Australian former radio presenter (born 1956)

Jonathan Eric Faine (born 21 September 1956) is an Australian former radio presenter who hosted the morning program on ABC Radio Melbourne in Melbourne. Faine is recognised as a prominent and influential member of the Australian Jewish community.

==Early life and education==
Faine was born in Dunedin, New Zealand. He emigrated to Sydney with his parents at a young age. Later they moved to Melbourne in 1968, where he attended Melbourne High School.

Faine graduated with a Bachelor of Arts in 1979 and a Bachelor of Laws in 1981 at Monash University, where he worked as an intern at the Springvale Legal Centre, and is promoted as a prominent alumnus on the university's website. After graduation, he began his professional career as a solicitor at the Melbourne law firms Barker Harty and Co, and Holding Redlich and Co, and then at the Fitzroy Legal Service.

==Career==
Faine began his professional career practising as a solicitor in various Melbourne law firms, combining work with his love of cars by serving as a motoring reporter for a lawyers' magazine. He acted pro-bono for the Australian Democrats in a number of Court of Disputed Returns matters in the late 1980s with success. In 1989 he began working in radio, producing and hosting The Law Report on the Radio National channel of the Australian Broadcasting Corporation and later working on various ABC radio and television programs.

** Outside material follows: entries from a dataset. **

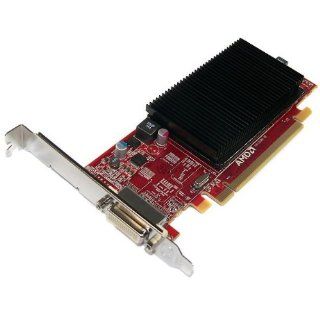 HP 700488 001 AMD FirePro 2270 PCIe x16 512MB graphics card   Comes with a Full Height (FH) mounting bracketAMD FirePro 2270 PCIe x16 512MB graphics card Computers & Accessories
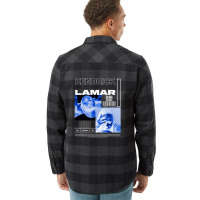 Kendrick Perfect Gift Hocus Pocus Love Flannel Shirt | Artistshot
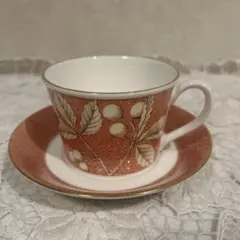 2025年最新】wedgwood francesの人気アイテム - メルカリ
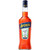 Aperol Aperitivo - 1.0 L - 1.0L - Glass Aperol Aperitivo - 1.0 L - 1.0L - Glass
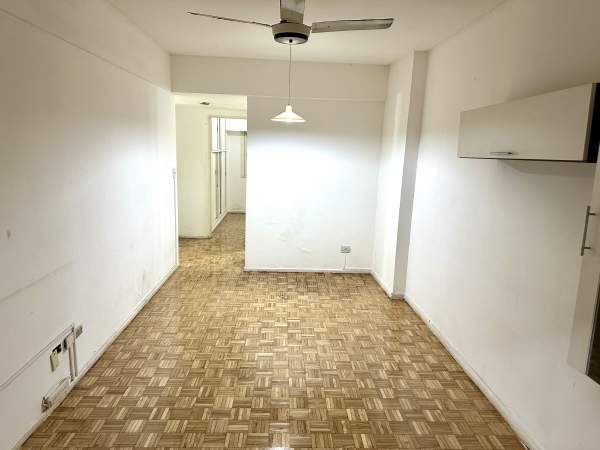 Departamento 2 ambientes en venta en Balvanera — foto 8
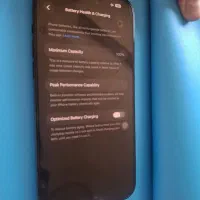 iphone 14 promax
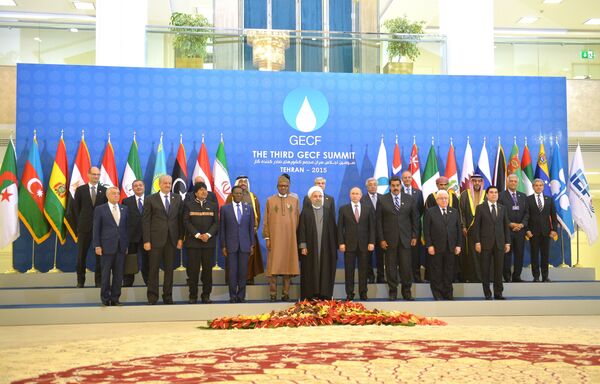 Рабочий визит президента РФ В.Путина в Иран Рабочий визит президента РФ В.Путина в Иран - Sputnik Армения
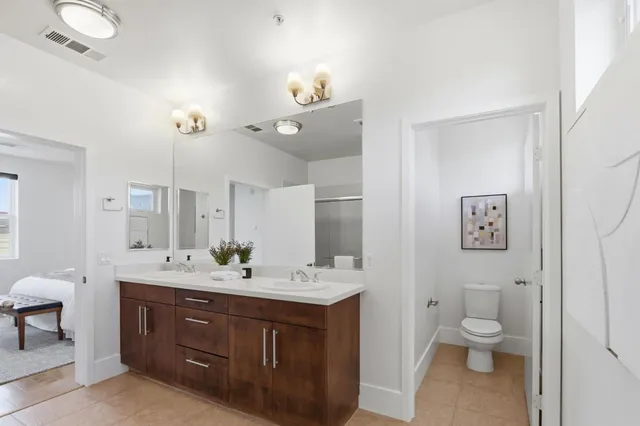 $1,998,000 | 823 Altaire Walk, Palo Alto, CA 94303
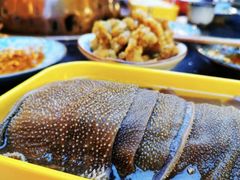 -镇江龙·火锅串串(武侯祠店)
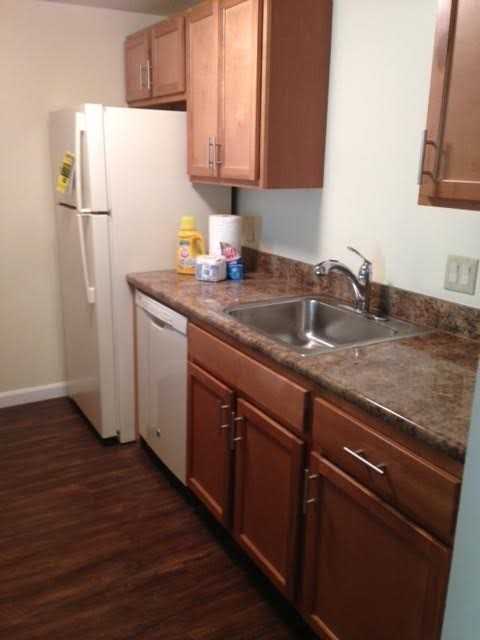 10 Center Street - Photo 3 of 33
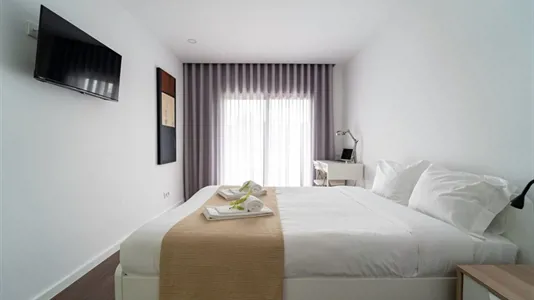 Rooms in Braga - photo 2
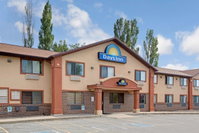 Booking Clearfield USA Accommodation
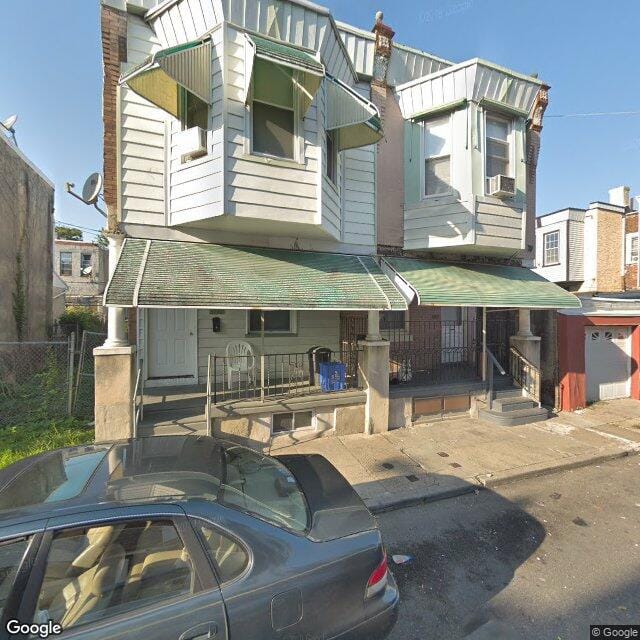 Photo of 5711 POPLAR ST at 5711 POPLAR ST PHILADELPHIA, PA 19131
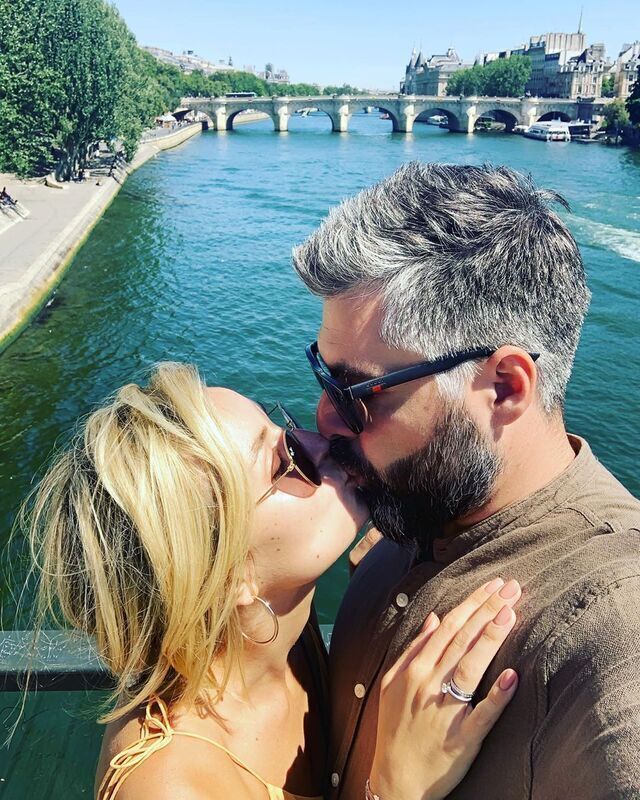 Новая Песня Гагариной 2022 Год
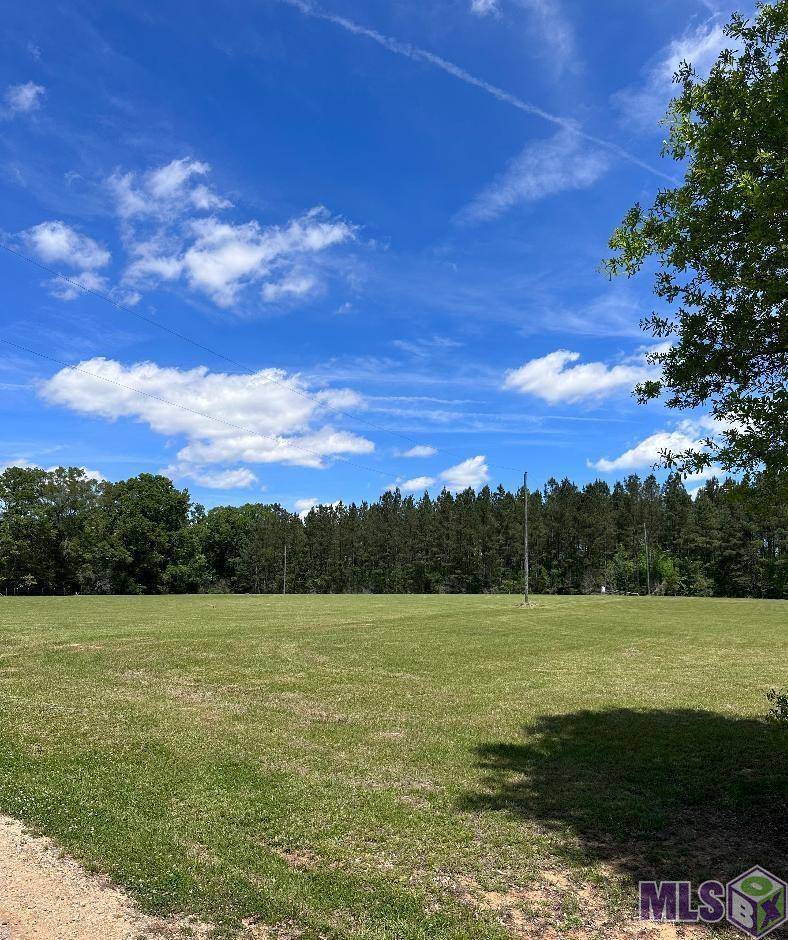 Clinton, LA 70722,Lot 2 La Hwy 67
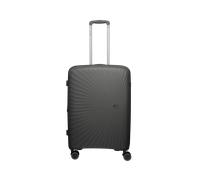 Travelite Anthracite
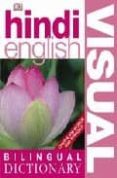 hindi-english bilingual visual dictionary-9781405331630 hindi-english bilingual visual dictionary-9781405331630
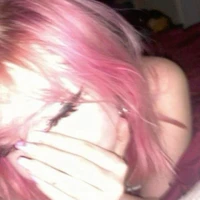 Celestia Taritomi / Lee Yong-ri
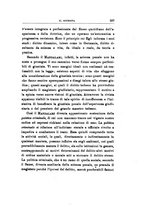 giornale/TO00190825/1941/unico/00000053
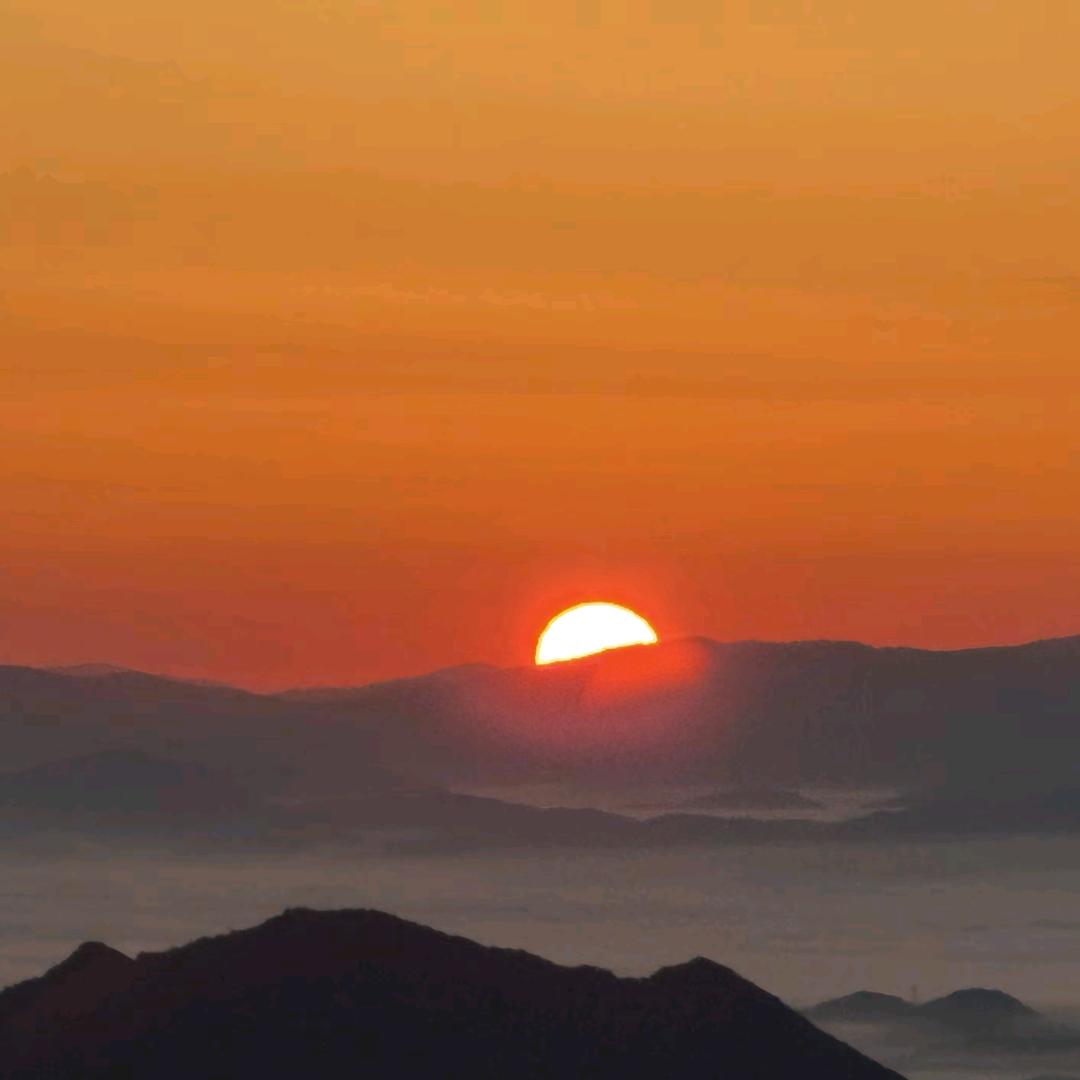 89 年大叔带娃日常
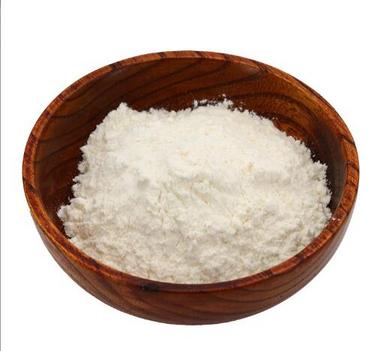 Fumaric acid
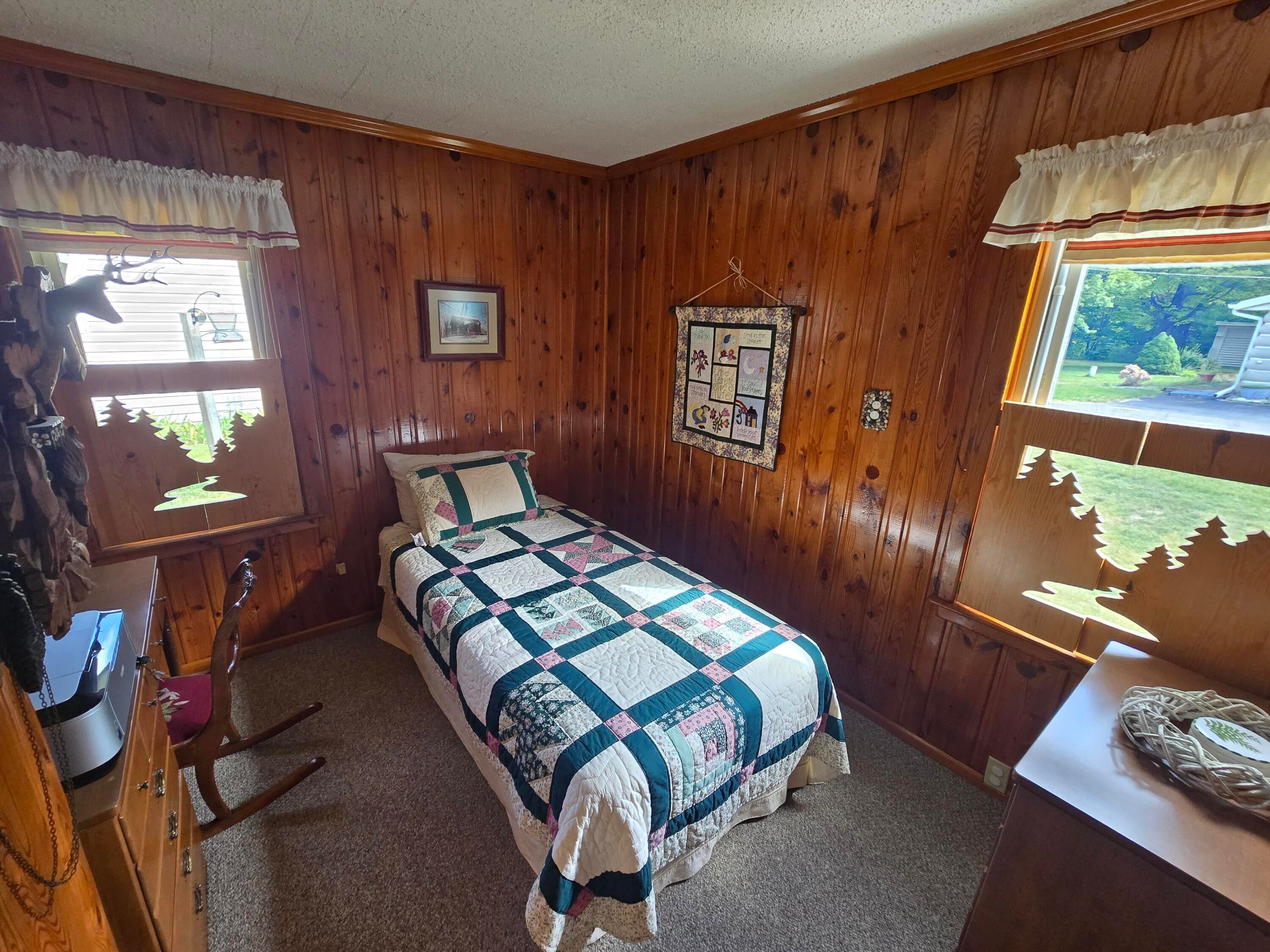 433 Thompson Road Mio, MI 48647 - Photo 58 of 110 20250826_111626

From 1996 to 2019, Faine hosted ABC's local radio morning program, from 8:30 am to 12:00 noon in Melbourne, including the Conversation Hour which was heard across Victoria from 11:00 am. He is known for vigorous debate and for fostering conversation on politics, law, arts and sport. His highest ratings peaked in September 2002 and in 2003 he received the ABC Local Radio "Broadcaster of the Year" award. He also worked on scripts for a number of television and feature films.

After a leak of ABC presenters' salaries in 2013, Faine disclosed his taxpayer-funded salary to be $300,000 per annum in 2014.

In 2011, Faine was included by Australian Jewish News in its list of the 50 most influential members of the Jewish community in Australia with strong connections to Israel.

In 2019, Faine announced his intention to leave the ABC after 23 years presenting the morning program with ABC Melbourne. In May 2019, ABC announced that Virginia Trioli would be leaving the News Breakfast television program to replace Faine.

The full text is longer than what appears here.